During this setup we also took note of the permission levels of each component. The student installation needs to be tamperproof and persistent to prevent students from disabling the service. This is achieved by installing the Netop agent as a system service that is automatically started at boot. The teacher install executes as a normal user and does not start at boot. This difference in execution context and start up behavior led us to target the student installs, as an attacker would have a higher chance of gaining elevated system permissions if it was compromised.
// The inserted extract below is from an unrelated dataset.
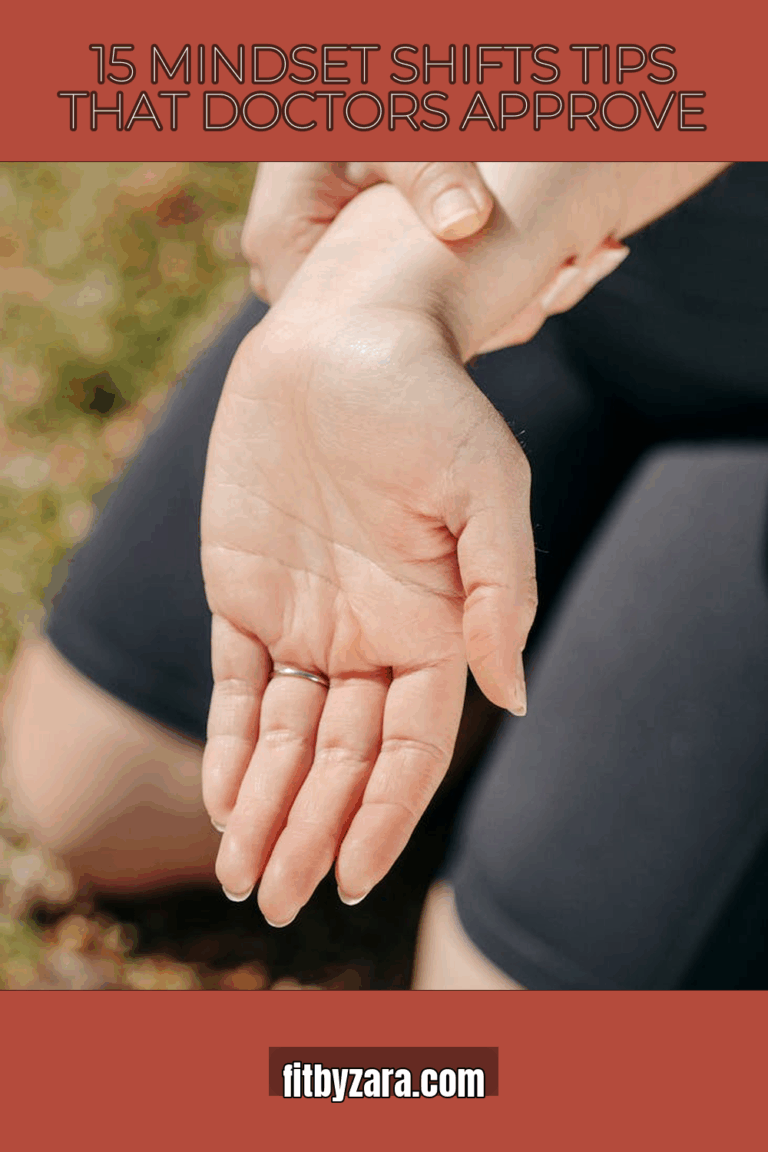 15 Mindset Shifts Tips That Doctors Approve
Additionally, the ratio of students to teachers in a normal school environment would ensure any vulnerabilities found on the student machines would be wider spread.
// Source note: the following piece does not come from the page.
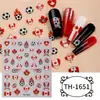 Zhengxiang Novo Produto Transfronteiriço Adesivos de Unha DIY Copa do Mundo de Futebol Evento Esportivo Bandeira de Evento Esportivo Europeu e Americano Comércio Exterior Adesivos de Unha Oem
With the initial install complete, we took a network capture on the local network and took note of the traffic between the teacher and student. An overview of the first few network packets can been seen in Figure 1 below and how the teacher, student transaction begins.
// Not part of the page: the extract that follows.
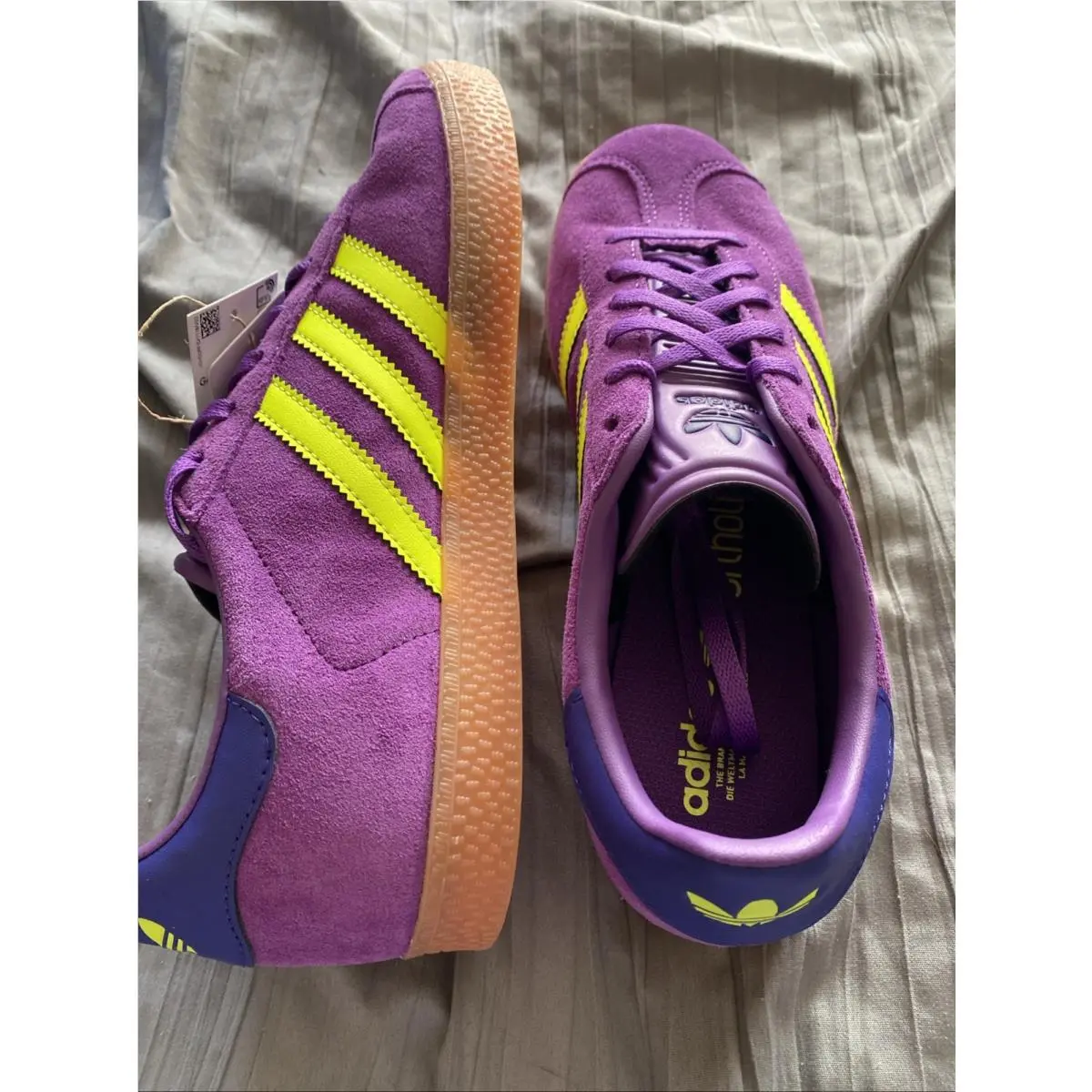 Adidas shoes - Adidas Gazelle J JP7126 - Gazelle - Purple 0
Figure 1: Captured network traffic between teacher and student
Our first observation, now classified as CVE-2021-27194, was that all network traffic was unencrypted with no option to turn encryption on during configuration. We noticed that even information normally considered sensitive, such as Windows credentials (Figure 2) and screenshots (Figure 4), were all sent in plaintext. Windows credentials were observed on the network when a teacher would issue a “Log on” command to the student. This could be used by the teacher or admin to install software or simply help a student log in.
Figure 2: Windows credentials passed in plaintext
Additionally, we observed interesting default behavior where a student connecting to a classroom immediately began to send screen captures to the classroom’s teacher. This allows the teacher to monitor all the students in real time, as shown in Figure 3.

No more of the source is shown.